Ibu Christ membalikkan kertas foto dan menunjukkan foto Bagas saat masih muda pada Christ. Bagas yang memiliki wajah garang serta postur tubuh yang tinggi dan tegap kala itu.
Saat itu Bagas masih berumur 30 tahunan. Dia baru kembali dari Rusia dan sedang mambangun kerajaannnya di Jakarta.
“Paman? Apa aku mempunyai paman?” Christ mengamati foto dan membolak-baliknya, melihat alamat yang tertulis di balik foto itu.
Ibu Christ mengambil foto itu dan memasukkannya ke dalam saku jaket yang dipakai Christ.
“Seandainya terjadi sesuatu pada Ibu, kau harus menemui pamanmu di Jakarta, apa kau mengerti?”
“Lalu, bagaimana dengan Ibu sendiri?” tanya Christ memelas.
“Ingatlah perkataan Ibu, Nak.
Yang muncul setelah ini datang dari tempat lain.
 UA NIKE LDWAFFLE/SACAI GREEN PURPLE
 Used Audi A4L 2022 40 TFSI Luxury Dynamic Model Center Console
Jangan pernah kembali lagi ke Bekasi. Sekalipun, jangan pernah. Dan jangan percaya pada siapapun yang ada di kota ini, kau mengerti? Siapapun itu.”
DOK DOK DOK “Buka pintunya!!”
Terdengar suara pintu yang digedor dari luar. Ibu Chris segera menyembunyikan Christ kecil di dalam lemari besar, lalu membukakakan pintu.
5 orang preman berwajah bengis memasuki ruangan lantai 3 dan berdiri di depan Ibu Christ.
“Hei, Bu Lili. Kenapa tempat kerjamu kumuh seperti ini?” tanya Ketua Preman itu.
“Tutup mulutmu, Brengsek!” jawab Ibu Christ ketus.
“Baiklah. Aku tak ingin berbasa-basi lagi denganmu. Berikan bukti itu padaku, lalu aku akan pergi dari sini. Dimana kau sembunyikan kartu memori itu?”
Ketua Preman berjalan mengitari ruangan mencari barang bukti yang diinginkan oleh orang yang telah menyewanya.
“Sampai kiamat pun kau tak akan pernah menemukan memori itu di tempat ini.” Lilli duduk di sofa dengan sewot.
Ketua preman itu terus mengelilingi ruangan dan melihat sepasang sepatu anak kecil yang ada di bawah meja.
“Hmm, benarkah?” tanya Si Ketua Preman. Dia menyundul dan mentoel-toel lengan Lili seakan ingin melecehkannya.
“Singkirkan tanganmu, Bajingan! Sudah kubilang, aku tak membawa memori itu.”
“Ah, sial! Baiklah, kalau begitu.” Ketua preman itu duduk di depan Lili dan menatapnya. “Kurasa kau sedang tak sendirian disini.” Ketua preman menunjuk sepasang sepatu dibawah meja.
Dia tahu bahwa Lili tak sendirian di tempat kerjanya.
“Hei, Nak! Keluarlah! Aku tahu kau sedang bersembunyi. Keluarlah dari tempat persembunyianmu. Jika kau tak keluar, ibumu berada dalam bahaya.”
“Diam kau, Berandal! Dia tidak ada disini.” Lili ketakutan. Dia hanya berharap agar Christ tak keluar saat itu.